• Fri. Sep 29th, 2023

Italian court clears Shell, ENI officials of corruption charges over Nigeria’s $1.1bn OPL 245 oil deal

A court in Milan, Italy on Wednesday rules that some former executives of Shell and its partner, ENI, accused of involvement in the oil production lease (OPL) 245 corruption scandal in Nigeria were not guilty after all.
Consequently, the court in its judgment discharged and acquitted all the officials bringing to a close a sordid chapter in the lives of the officials who battled for years trying to prove their innocence of the corruption charges.
Those affected included several former top executives of Shell, including Malcolm Brinded and Paolo Scaroni, as well as ENI’s Claudio Descalzi and other top managers whom the court said they had no case to answer.
Prosecutors had charged the embattled executives of involvement in the controversial Malabu deal in which about $1.1 billion was said to have been deposited in an escrow account belonging to the Nigerian federal government for use in settling bribes over the allocation of the oil concession.
All along, the oil giants and their officials have consistently denied any wrongdoing over the scandal, although two middlemen said to brokered the Malabu deals were found guilty of corruption in a separate trial in 2018.
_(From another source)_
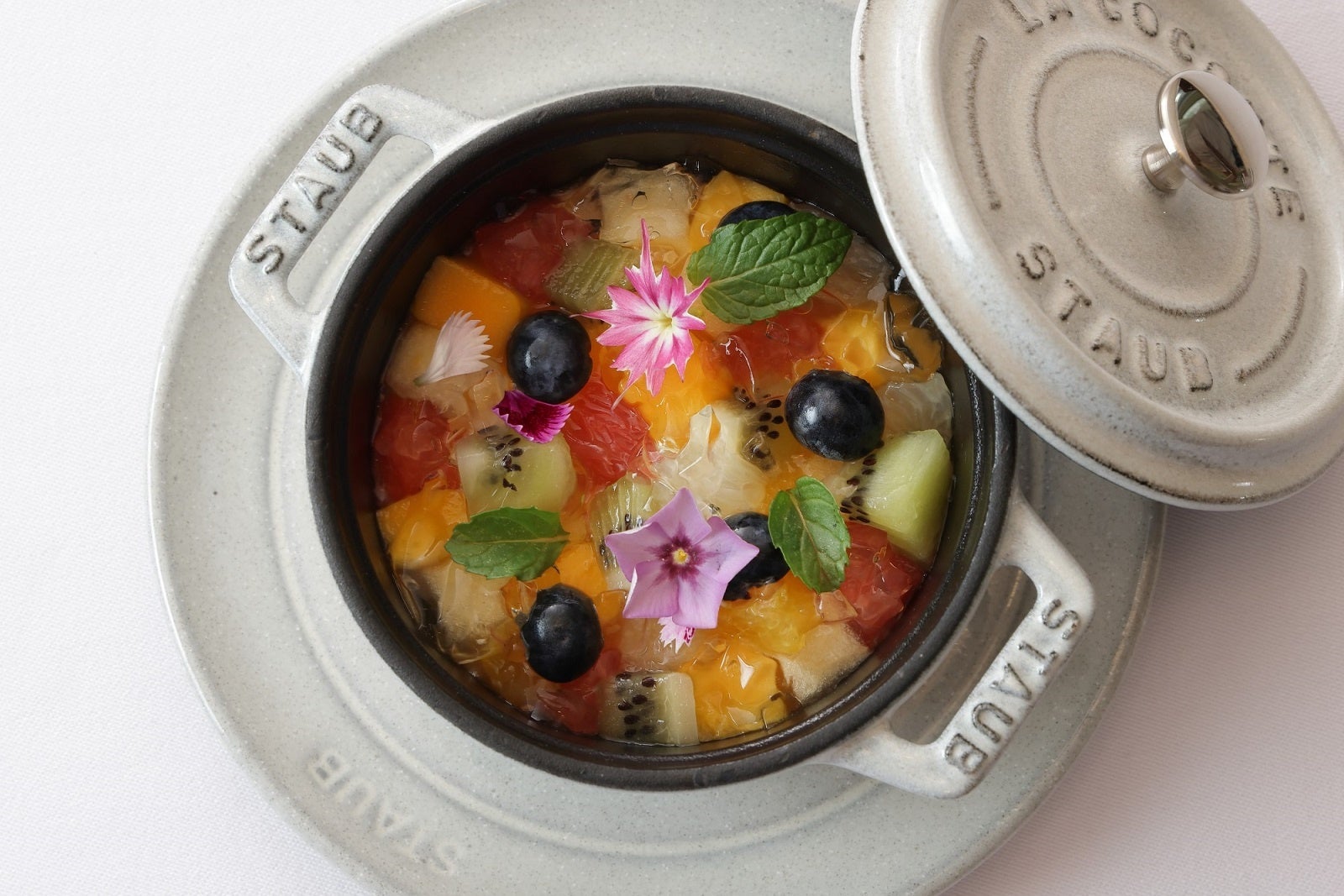 「ストウブで仕上げたパンナコッタ　フルーツのカクテルとシャンパンジュレ」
Details of the controversial Malabu corruption case bordered on the transfer of about $1.1 billion by Shell and ENI, two multinational oil firms operating in Nigeria, through the Nigerian government to accounts controlled by its former petroleum minister, Dan Etete.
During the trial, the court heard that a total of about $520 million of the corruption money was withdrawn from the accounts controlled by Etete and transferred to accounts of companies controlled by one Aliyu Abubakar, popularly known in Nigeria as the owner of AA Oil.
Abubakar was suspected to have acted as the go-between some top officials of the then Goodluck Jonathan administration, which approved the transaction in 2011 through some of its ministers and senior officials of Shell and ENI.
The $1.1billion was supposed to have been the payment for the operating license for the OPL 245 considered in oil industry circles to be one of Nigeria’s most prolific oil concessions.
As a result of the controversy, the development of OPL 245 license has been stalled since the case broke out.
In September last year, ENI filed international arbitration proceedings against Nigeria accusing the federal government of breaching its rights by continuing to allow its operation of the license scheduled to expire in May this year.
In his reaction to the ruling, outgoing Shell CEO, Van Beurden, said the company has finally been vindicated as it has all along maintained that the 2011 settlement deal was legal, designed to resolve a decade-long legal dispute to unlock development of the OPL 245 block.
However, Beurden said the outcome of the case at the same time has become a difficult learning experience for the company and all those involved.
On its part, ENI, in its reaction published on its website said welcomed the judgment of full acquittal of all charges and no case against it and its officials after almost three years of trial.
ENI said the judgment by the Court in Milan has finally established that “the company, the CEO Claudio Descalzi and the management involved in the proceedings all behaved in a lawful and correct manner.”
Throughout the trial, ENI maintained its full confidence in the Court’s fair and balanced investigation.
“Today, ENI expresses its gratitude for the trust placed by its stakeholders throughout the course of the trial, particularly in upholding the company’s management and the conduct of its business, and respecting its reputation,” the company said.